Теломерная ДНК попала в поле зрения биологов совсем недавно. Первые объекты исследования – одноклеточные простейшие – ресничная инфузория (тетрахимена), которая содержит несколько десятков тысяч очень мелких хромосом и, значит, множество теломер в одной клетке (у высших эукариот менее 100 теломер на клетку).

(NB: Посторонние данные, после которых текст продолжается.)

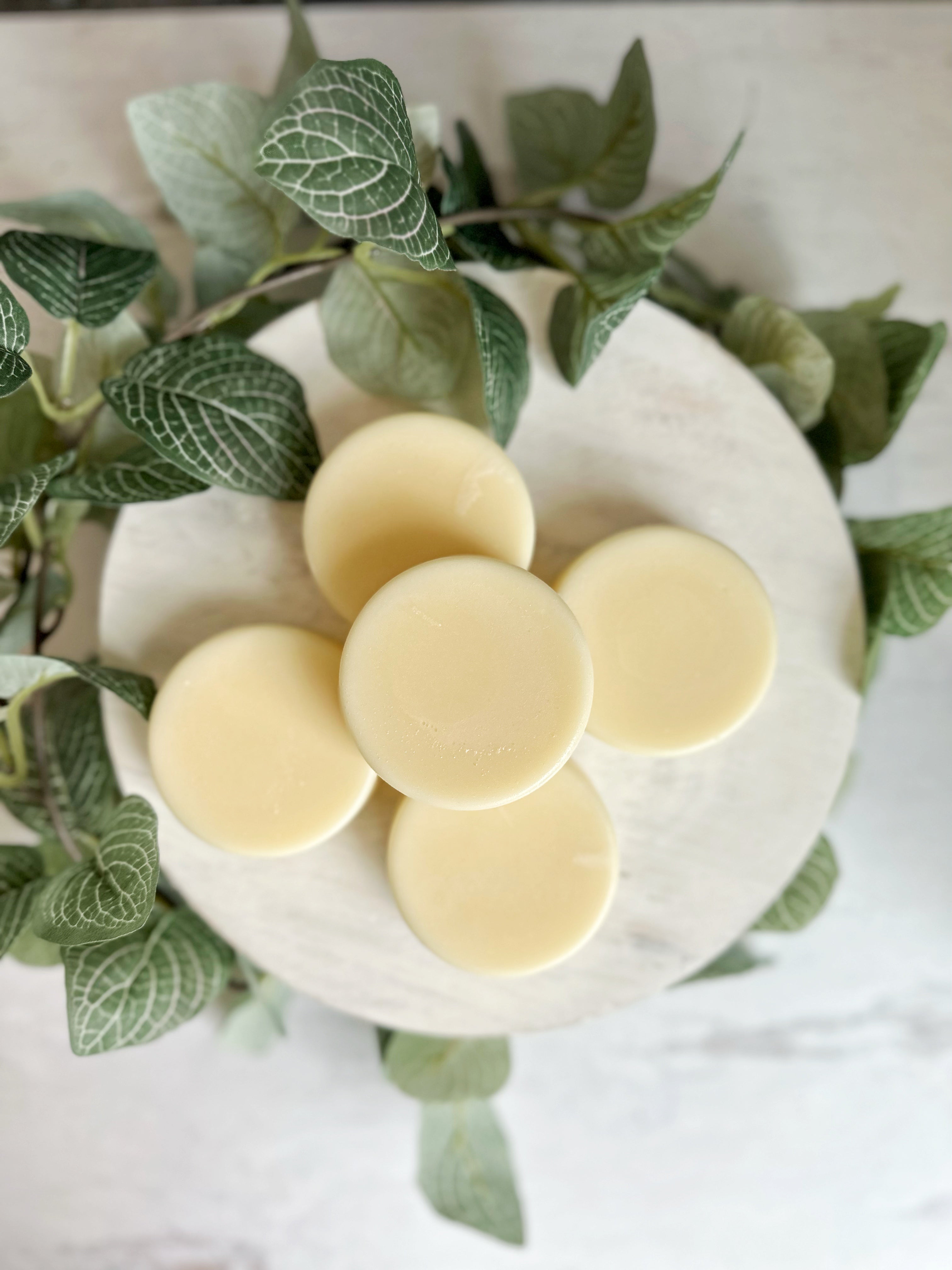 Solid Conditioner Bars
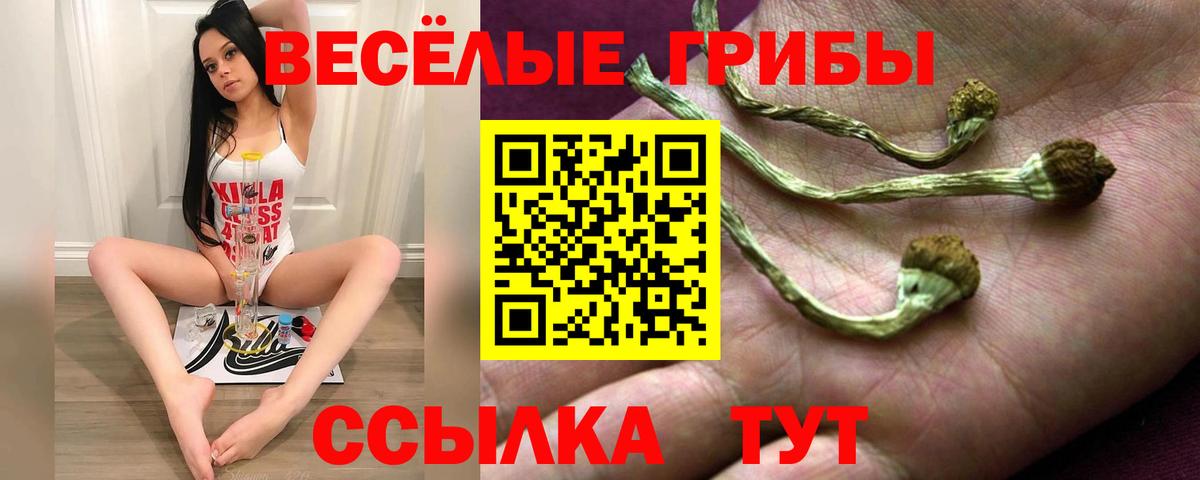 Галлюциногенные грибы Psilocybe Мурино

В теломерной ДНК инфузории многократно повторяются блоки из 6-ти нуклеотидных остатков. Одна цепь ДНК содержит блок 2 тимин – 4 гуанин (ТТГГГГ - Г-цепь), а комплементарная цепь - 2 аденин – 4 цитозин (ААЦЦЦЦ - Ц-цепь).

Каково же было удивление ученых, когда обнаружили, что теломерная ДНК человека отличается от таковой у инфузории всего лишь одной буквой и образует блоки 2 тимин – аденин – 3 гуанин (ТТАГГГ). Более того, оказалось, что из ТТАГГГ - блоков построены теломеры (Г – цепь) всех млекопитающих, рептилий, амфибий, птиц и рыб.

Впрочем, удивляться здесь нечему, так как в теломерной ДНК не закодировано никаких белков (она не содержит гены). У всех организмов теломеры выполняют универсальные функции, речь о которых шла выше. Очень важная характеристика теломерных ДНК – их длина. У человека она колеблется от 2 до 20 тысяч пар оснований, а у некоторых видов мышей может достигать сотен тысяч н.п. Известно, что около теломер есть специальные белки, обеспечивающие их работу и участвующие в построении теломер.

Доказано, что для нормального функционирования каждая линейная ДНК должна иметь две теломеры: по одной теломере на каждый конец.

У прокариот теломеров нет – их ДНК замкнута в кольцо.